You may move upward by changing employers — a financial analyst becomes a customer facing loan officer while increasing responsibility, contributing in a more direct manner to the bottom line and being paid more.  Each move is an opportunity to grow your career.

In the end remember the most important part of managing your career, YOU ARE RESPONSIBLE FOR MANAGING YOUR OWN CAREER.  HR or your bosses are not going to do it for you.  Not in this economy.

What is a profession?

A profession is a life’s work in which some underlying professional skill or passion or extensive experience is the glue which binds together your job, your career and an even larger umbrella — mastery of body of work which transcends the work of a single company.  Good examples would be lawyers, accountants, “C” level company officers, professional investors who can relocate their expertise because they are thought leaders or industry leaders.  In every instance, their overall body of work is larger than their job and their career.

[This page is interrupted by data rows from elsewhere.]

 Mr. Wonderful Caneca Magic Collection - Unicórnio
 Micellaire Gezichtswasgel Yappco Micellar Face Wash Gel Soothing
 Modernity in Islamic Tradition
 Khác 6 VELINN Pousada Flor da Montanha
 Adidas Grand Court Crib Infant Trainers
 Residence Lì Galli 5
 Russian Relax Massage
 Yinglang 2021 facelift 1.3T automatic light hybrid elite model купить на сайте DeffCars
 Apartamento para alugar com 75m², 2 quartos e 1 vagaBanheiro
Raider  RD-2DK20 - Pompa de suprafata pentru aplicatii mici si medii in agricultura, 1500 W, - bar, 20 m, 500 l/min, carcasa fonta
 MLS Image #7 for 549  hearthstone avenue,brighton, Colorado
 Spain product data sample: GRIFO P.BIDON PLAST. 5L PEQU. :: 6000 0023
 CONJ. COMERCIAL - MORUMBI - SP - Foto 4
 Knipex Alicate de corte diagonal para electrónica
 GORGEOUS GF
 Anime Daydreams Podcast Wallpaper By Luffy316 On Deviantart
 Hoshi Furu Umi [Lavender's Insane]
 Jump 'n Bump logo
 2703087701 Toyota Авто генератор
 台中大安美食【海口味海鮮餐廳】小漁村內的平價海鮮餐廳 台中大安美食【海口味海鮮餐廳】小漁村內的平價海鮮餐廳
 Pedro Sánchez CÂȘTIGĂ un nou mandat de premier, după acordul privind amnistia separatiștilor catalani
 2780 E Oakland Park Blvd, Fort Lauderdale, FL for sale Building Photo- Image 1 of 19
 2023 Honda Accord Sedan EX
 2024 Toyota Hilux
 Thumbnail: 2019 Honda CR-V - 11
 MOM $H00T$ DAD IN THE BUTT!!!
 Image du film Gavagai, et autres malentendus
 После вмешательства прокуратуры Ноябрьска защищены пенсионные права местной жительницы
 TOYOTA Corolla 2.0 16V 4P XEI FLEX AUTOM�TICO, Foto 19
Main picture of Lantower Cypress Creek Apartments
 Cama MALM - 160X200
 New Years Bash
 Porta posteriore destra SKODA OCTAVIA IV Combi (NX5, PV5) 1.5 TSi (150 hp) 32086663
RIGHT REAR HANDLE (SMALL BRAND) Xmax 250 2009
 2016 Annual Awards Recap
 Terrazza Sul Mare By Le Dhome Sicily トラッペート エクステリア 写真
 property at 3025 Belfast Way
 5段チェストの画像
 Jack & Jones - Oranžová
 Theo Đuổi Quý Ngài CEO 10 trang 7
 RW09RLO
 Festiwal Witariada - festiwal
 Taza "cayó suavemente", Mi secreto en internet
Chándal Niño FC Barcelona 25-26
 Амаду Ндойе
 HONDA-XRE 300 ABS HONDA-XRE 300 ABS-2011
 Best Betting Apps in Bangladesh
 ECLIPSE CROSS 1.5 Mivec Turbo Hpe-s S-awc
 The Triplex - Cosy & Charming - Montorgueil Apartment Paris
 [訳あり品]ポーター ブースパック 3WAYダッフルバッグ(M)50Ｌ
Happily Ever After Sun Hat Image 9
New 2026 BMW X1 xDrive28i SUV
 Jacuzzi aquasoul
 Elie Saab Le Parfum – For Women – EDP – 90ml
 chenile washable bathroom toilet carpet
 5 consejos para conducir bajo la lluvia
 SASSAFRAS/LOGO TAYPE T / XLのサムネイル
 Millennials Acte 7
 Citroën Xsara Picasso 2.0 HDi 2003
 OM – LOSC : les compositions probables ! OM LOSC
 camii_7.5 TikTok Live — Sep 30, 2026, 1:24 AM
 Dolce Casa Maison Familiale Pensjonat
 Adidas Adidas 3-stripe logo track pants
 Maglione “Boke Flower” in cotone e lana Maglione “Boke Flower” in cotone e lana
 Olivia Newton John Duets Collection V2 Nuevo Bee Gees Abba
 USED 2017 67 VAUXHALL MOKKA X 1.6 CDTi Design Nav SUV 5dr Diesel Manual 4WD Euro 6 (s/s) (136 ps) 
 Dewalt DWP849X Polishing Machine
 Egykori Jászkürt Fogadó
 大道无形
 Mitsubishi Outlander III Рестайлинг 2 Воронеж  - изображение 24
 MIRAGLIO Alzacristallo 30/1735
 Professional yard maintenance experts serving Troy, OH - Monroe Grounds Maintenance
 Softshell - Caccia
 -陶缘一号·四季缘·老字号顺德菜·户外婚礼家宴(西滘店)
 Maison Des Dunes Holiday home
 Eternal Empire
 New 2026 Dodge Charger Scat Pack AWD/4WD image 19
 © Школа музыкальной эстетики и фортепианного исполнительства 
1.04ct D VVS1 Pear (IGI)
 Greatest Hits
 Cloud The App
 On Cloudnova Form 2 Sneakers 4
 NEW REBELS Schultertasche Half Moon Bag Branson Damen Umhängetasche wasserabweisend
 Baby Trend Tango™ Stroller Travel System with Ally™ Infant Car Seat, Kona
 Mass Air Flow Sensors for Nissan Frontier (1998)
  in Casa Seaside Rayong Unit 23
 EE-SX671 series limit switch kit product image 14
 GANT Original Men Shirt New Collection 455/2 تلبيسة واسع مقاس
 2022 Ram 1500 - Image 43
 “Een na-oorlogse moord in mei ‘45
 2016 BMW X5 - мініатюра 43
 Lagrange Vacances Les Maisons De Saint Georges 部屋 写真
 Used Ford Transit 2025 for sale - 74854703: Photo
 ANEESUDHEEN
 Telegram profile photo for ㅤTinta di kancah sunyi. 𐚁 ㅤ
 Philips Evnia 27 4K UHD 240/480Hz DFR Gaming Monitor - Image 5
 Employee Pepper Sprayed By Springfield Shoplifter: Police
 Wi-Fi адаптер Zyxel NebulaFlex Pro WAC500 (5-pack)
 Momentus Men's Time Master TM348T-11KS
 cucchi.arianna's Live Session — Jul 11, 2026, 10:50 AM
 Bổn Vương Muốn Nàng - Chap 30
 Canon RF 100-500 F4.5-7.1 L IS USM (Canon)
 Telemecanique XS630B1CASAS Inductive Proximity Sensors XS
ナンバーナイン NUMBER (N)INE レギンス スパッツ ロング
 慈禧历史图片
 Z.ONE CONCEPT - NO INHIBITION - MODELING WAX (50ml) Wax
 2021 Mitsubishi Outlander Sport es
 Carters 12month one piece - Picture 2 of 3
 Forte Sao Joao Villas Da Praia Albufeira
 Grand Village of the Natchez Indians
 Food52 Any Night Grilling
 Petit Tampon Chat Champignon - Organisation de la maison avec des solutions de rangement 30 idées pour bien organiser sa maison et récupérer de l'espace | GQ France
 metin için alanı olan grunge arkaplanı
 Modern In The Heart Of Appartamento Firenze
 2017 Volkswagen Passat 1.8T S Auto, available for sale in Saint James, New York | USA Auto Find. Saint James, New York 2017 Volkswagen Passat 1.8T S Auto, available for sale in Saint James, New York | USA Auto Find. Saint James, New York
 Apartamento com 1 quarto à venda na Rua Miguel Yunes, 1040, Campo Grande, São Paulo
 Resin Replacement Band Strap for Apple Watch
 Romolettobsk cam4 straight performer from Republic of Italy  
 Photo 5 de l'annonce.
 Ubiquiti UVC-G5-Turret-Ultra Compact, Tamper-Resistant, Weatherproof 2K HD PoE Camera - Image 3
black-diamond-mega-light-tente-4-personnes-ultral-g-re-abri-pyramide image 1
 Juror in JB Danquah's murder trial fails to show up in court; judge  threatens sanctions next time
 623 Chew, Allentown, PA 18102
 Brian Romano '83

A President, CEO of a public company not only knows the business of that company but also the regulatory framework in which the company must operate and the implications of the United States Securities and Exchange Commission as well as the underlying legislation which gives rise to that environment.  He knows the

So what is it you are doing right now?

Are you working a gig, a product, a job, a career, a profession?

You undoubtedly are doing some of more than one.  But remember one important thing — YOU ARE RESPONSIBLE FOR MANAGING YOUR OWN CAREER.

But, really, what the Hell do I know?  I’m just a Big Red Car!

 

 

2 thoughts on “A Gig, a Product, a Job, a Career, a Profession (The Leadership Series)

  1. Great thoughts JLM. I have had the good fortune of being in all 5 roles, and it does round you up and make you appreciate the “nature of work”.

    I wonder if there is a parallel about personal life. “The nature (or meaning) of a personal life” Maybe another post idea?